Muhalif gruplar, Türkiye'ye bu harekâtın detaylarını sunarak, destek istemedikleri, yalnızca müdahale edilmemesini talep ettikleri mesajını iletti. Haberde, Türkiye'nin harekâta resmi bir onay vermediği, ancak gelişmelerden haberdar olduğu iddia edildi.
TÜRKİYE’NİN POZİSYONU
Dışişleri Bakanı Hakan Fidan, Doha’da yaptığı açıklamada, Türkiye'nin Beşşar Esed’le diplomatik çözüm arayışlarının sonuçsuz kaldığını belirterek, "Bir şeylerin olacağını biliyorduk" dedi. Ancak, Türk Dışişleri Bakan Yardımcısı Nuh Yılmaz, Bahreyn'deki bir konferansta yaptığı açıklamada, Türkiye’nin bu harekâtta bir rol oynamadığını ve onay vermediğini ifade etti. Yılmaz, operasyonun yaratacağı istikrarsızlık endişesini vurguladı.

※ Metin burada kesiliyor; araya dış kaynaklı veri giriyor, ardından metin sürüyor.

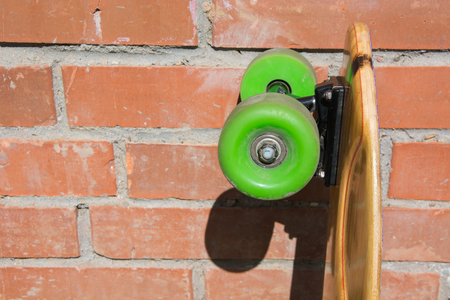 Longboard and green whels on the bricks background. Shallow depth of field. Close up.の写真素材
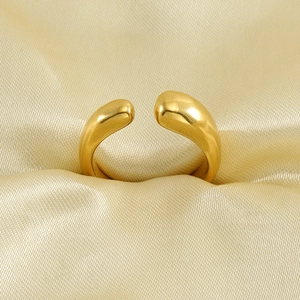 Bague ouverte élégante en acier inoxydable doré 18 carats sur un tissu en soie dorée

Haberde, Türk güvenlik yetkilileri de, operasyonun Hayat Tahrir eş-Şam (HTŞ) tarafından bağımsız olarak planlandığını ve Türkiye'nin yönlendirmesiyle yapılmadığını belirtildi. MİT ve diğer Türk yetkililer ise konuyla ilgili yorum yapmadığına yer verildi.
HAREKÂTIN BAŞARISI VE HIZI
Muhalif gruplar, operasyonlarına Halep’ten başlayarak yalnızca iki hafta içinde Şam’a ulaştı ve Beşşar Esed’in 50 yıllık iktidarını sonlandırdı. Bu hızlı ilerleme, Esed rejiminin zayıf durumu, müttefiklerinin çatışmalarla meşgul olması ve ordusunun moral kaybıyla ilişkilendiriliyor. Rejim kaynakları, ordunun yakıt ve mühimmat eksikliği nedeniyle direnç gösteremediğini ifade etti.
Suriye’deki bu gelişmeler, Türkiye'nin bölgedeki etkisini artırırken, İran ve Hizbullah gibi Esed rejimine destek veren güçlerin zayıflamasına yol açtı. Reuters’a konuşan analistler, Türkiye'nin bu harekâttan jeopolitik kazanç sağladığını, özellikle Suriyeli Kürt gruplara karşı daha avantajlı bir pozisyon elde ettiğini belirtti.
Türkiye’nin, Suriye’nin yeniden inşa sürecinde önemli bir rol üstlenmesi bekleniyor. Ayrıca, mülteci geri dönüşleri ve bölgedeki istikrar konularında Ankara’nın etkinliği artacak gibi görünüyor.